You can't believe everything you see on the internet. Amid Hurricane Melissa tearing through the Caribbean, several AI videos started popping up on social media. The rise of AI videos can easily fool people and create false narratives online.
Speaking with People, AI consultant Jeremy Carrasco explained that he saw a number of fake Hurricane Melissa videos on the internet. They appeared to have been created with OpenAI's Sora. Many featured the app's watermark but not everyone did. For instance, a video of a passenger plane flying over the eye of the hurricane fooled a lot of people.

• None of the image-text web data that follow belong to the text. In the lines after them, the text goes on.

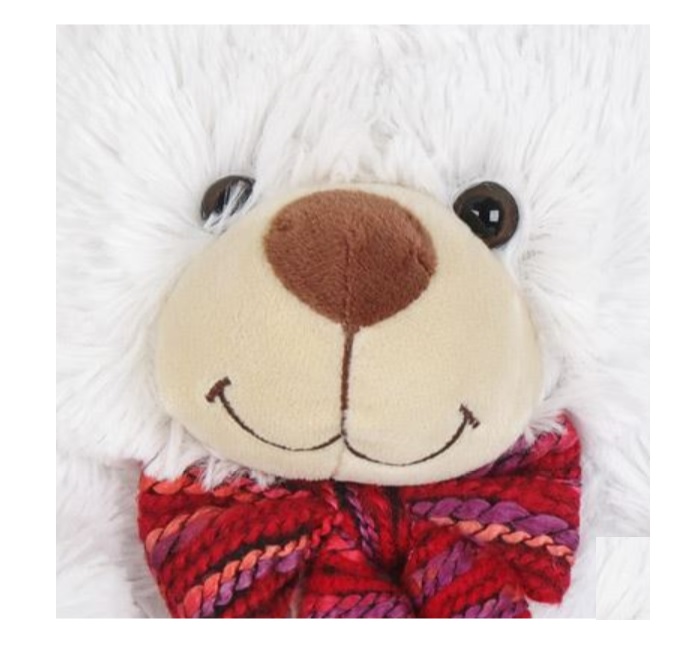 Ursulet alb de plus cu papion, Cali toys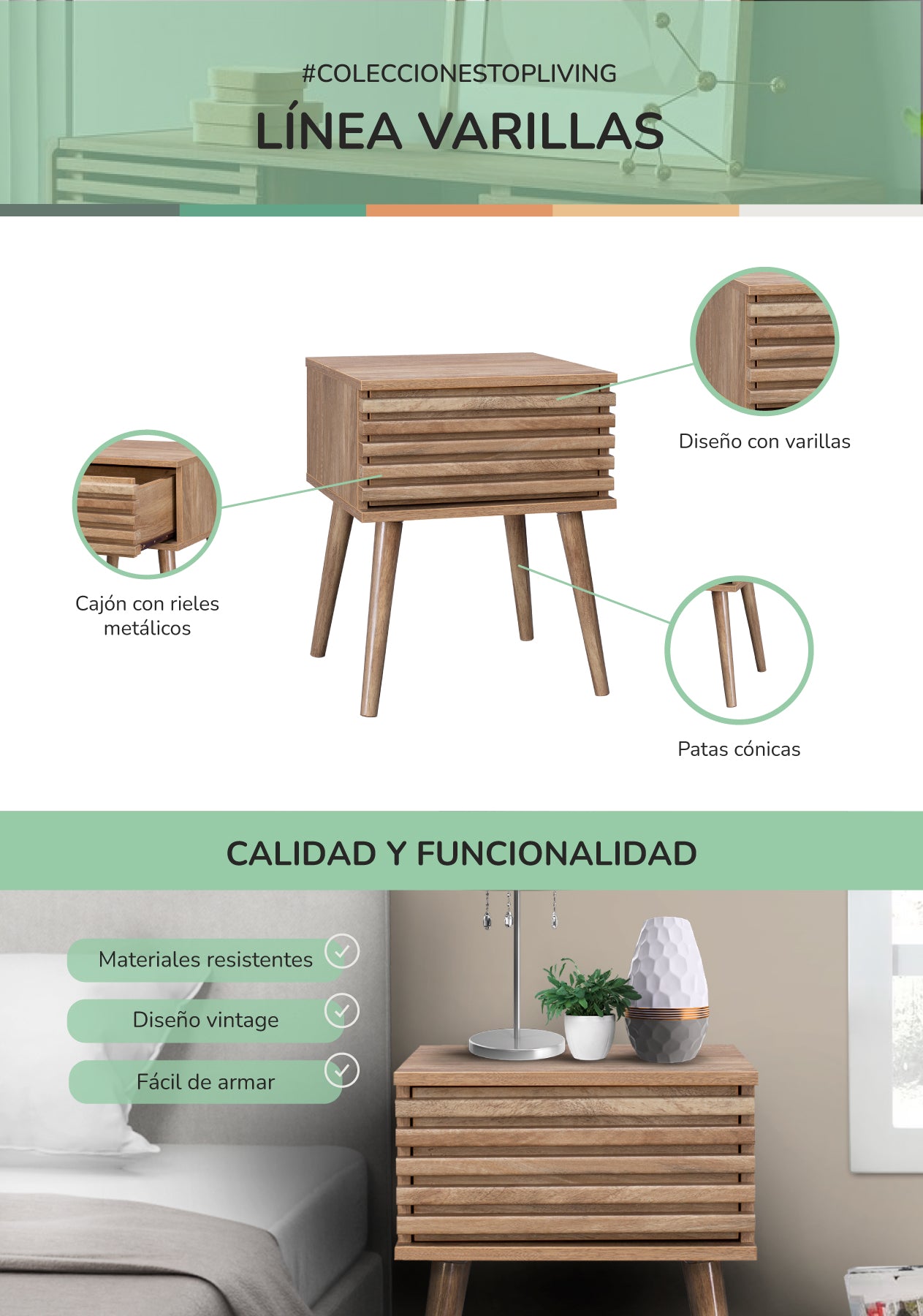 Buró Retro con Cajón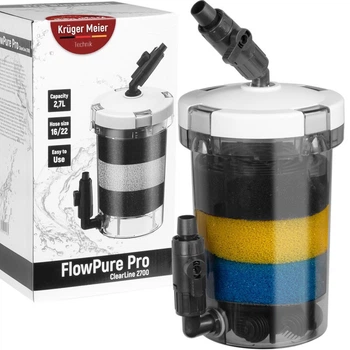 Префильтр внешний для аквариума Kruger Meier FlowPure Pro 2700 (16/22 мм) — 2.7 л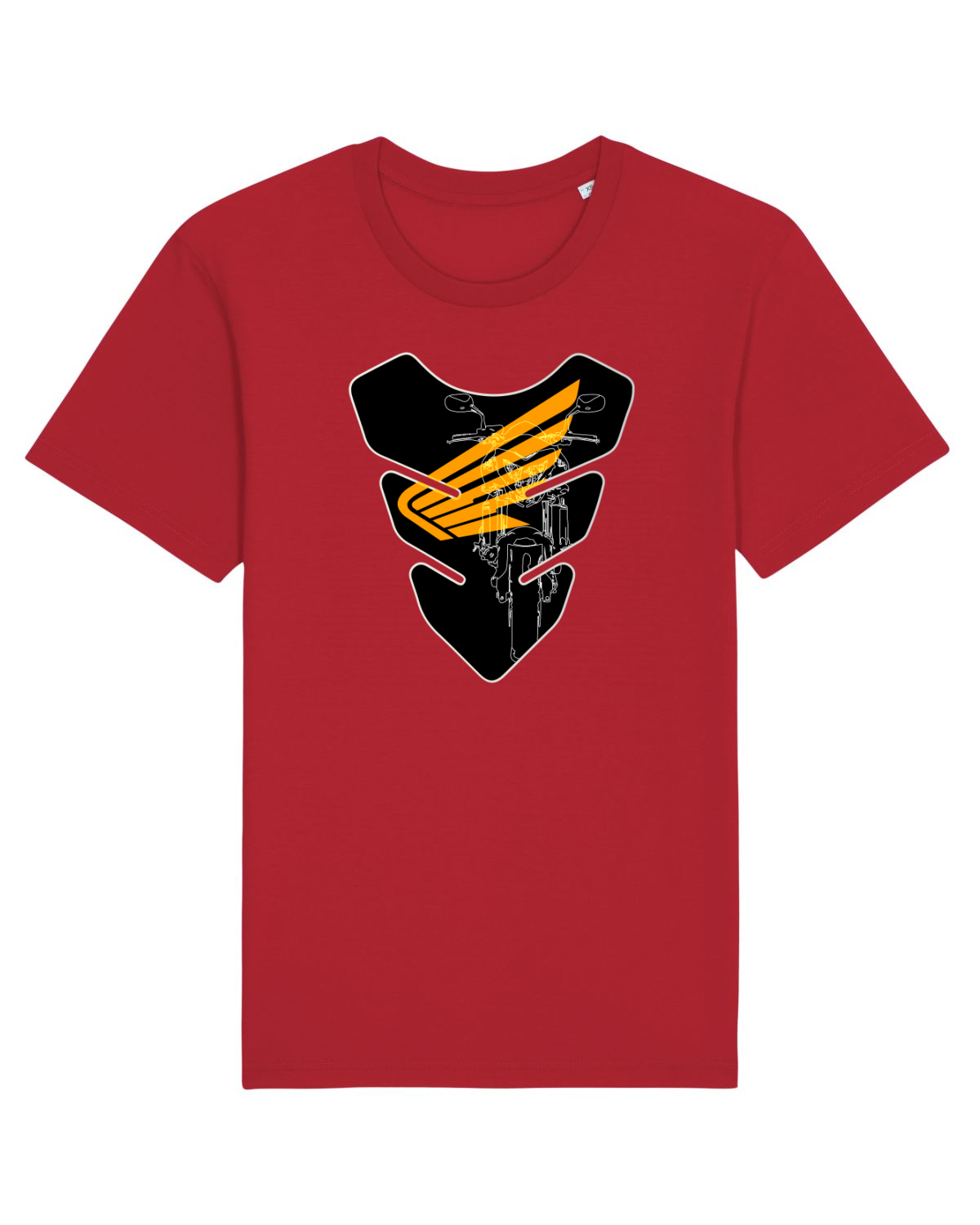 Tricou mânecă scurtă Unisex Rocker Red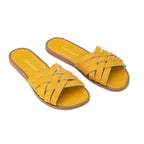 Saltwater Sandals Adults Retro Slides - Mustard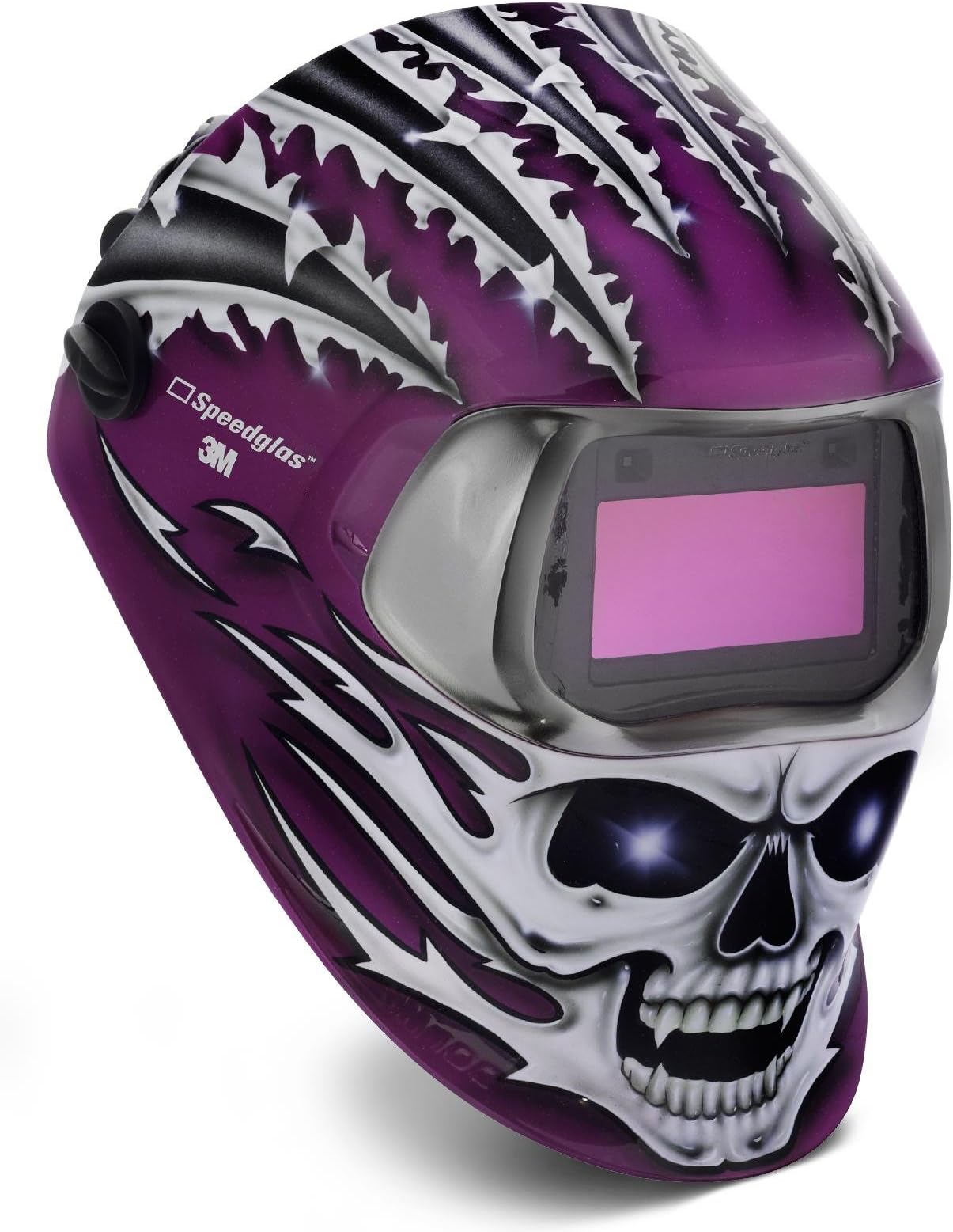 3M Speedglas Welding Helmet 100 Raging Skull, with 100V filter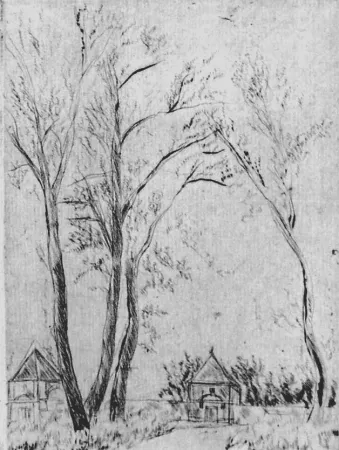 Acquaforte De Segonzac - Versailles, la Menagérie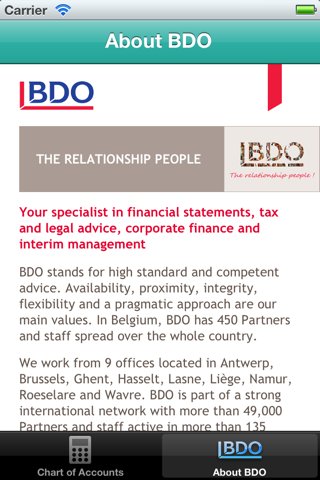 Belgian Chart of Accounts - náhled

"You can see the eye right in the center, clear and calm while the walls spin around it. We're just skimming the top of the clouds now holding steady. It's a surreal sunlight pouring straight down into that turquoise," the voice in the video says.
Fake Hurricane Melissa Videos
However, the AI expert notes the "speaking cadence of the pilot is typical of a Sora voice." He also said there are "wobbly patches of pixels that show up in textures and finer details of AI video." You should use common sense as well. A passenger plane wouldn't fly over a hurricane like Melissa.
It's far from the only Hurricane Melissa fake video, though. So it pays to be cautious with what you see.
An OpenAI spokesperson said: "One of the reasons we launched Sora as its own app was to give people a dedicated space to enjoy AI-generated videos and recognize that they were made with AI. To help people know if a downloaded video was generated with Sora, we add visible, moving watermarks and C2PA metadata, an industry-standard provenance signature."
The statement continued, "We also maintain internal reverse-image and audio search tools that can trace videos back to Sora with high accuracy, and we apply extra safety guardrails to any video with a cameo. Our usage policies prohibit misleading others through impersonation, scams, or fraud, and we take action when we detect misuse."